159 A bigger challenge even than this lies in finding new ways to promote legitimate and credible interaction between governments and oppositions after the elections in different Commonwealth countries. In circumstances where electoral systems are based on a single majority-simple plurality (SMSP) principle, the outcome can often be a winner-takes-all situation triggered by being the first-past-the-post. Holding a monopoly of executive power carries with it serious consequences and risks. Chief among these is the on-going need to involve and retain the confidence of opposition parties and candidates who do not participate in government.
160 Opposition involvement and buy-in to the process is valuable yet often elusive. Specifically, their involvement is critical to sustain backing for the legitimacy of the political system as opposed to the government of the day. In other words, the task is to strike a balance: to nurture backing for the office of government whilst remaining agnostic towards the office-holder.
161 Executive dominance of this kind is a direct cause for concern in itself. But it is particularly dangerous if it is in the hands of a particular ethnic or religious group, perhaps via a party system that is built around ethno-religious lines. Interventions to help broaden out ‘government by discussion’ in systems where power is concentrated in the hands of the executive can be pursued in various ways. For leaders, such broadening can happen in three main ways, (these strategies are not mutually exclusive but each involves a particular area of concentration). They can:
- try to dilute the executive monopoly of power by building in some element of power sharing;
- strengthen the balancing role of parliament and the judiciary; and
- support media, civil society and community-based efforts to demand greater accountability.

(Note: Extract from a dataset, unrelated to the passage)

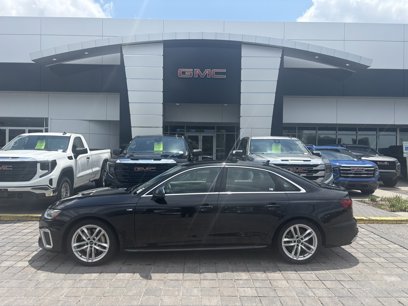 Used 2024 Audi A4 2.0T Premium Plus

162 Building in an element of power sharing to the executive has been addressed, for instance by establishing extra-parliamentary forums in which government–opposition interaction is routinized, and where complex issues to do with public confidence in the democratic process are aired. The Commonwealth’s Good Offices work has sought to further this kind of assistance. The Commonwealth Ministerial Action Group acts as a guardian of the fundamental principles of the Commonwealth. It is also possible for Commonwealth countries to turn to other Commonwealth states for expert assistance and advice, as the UK did from time to time in the Northern Ireland process.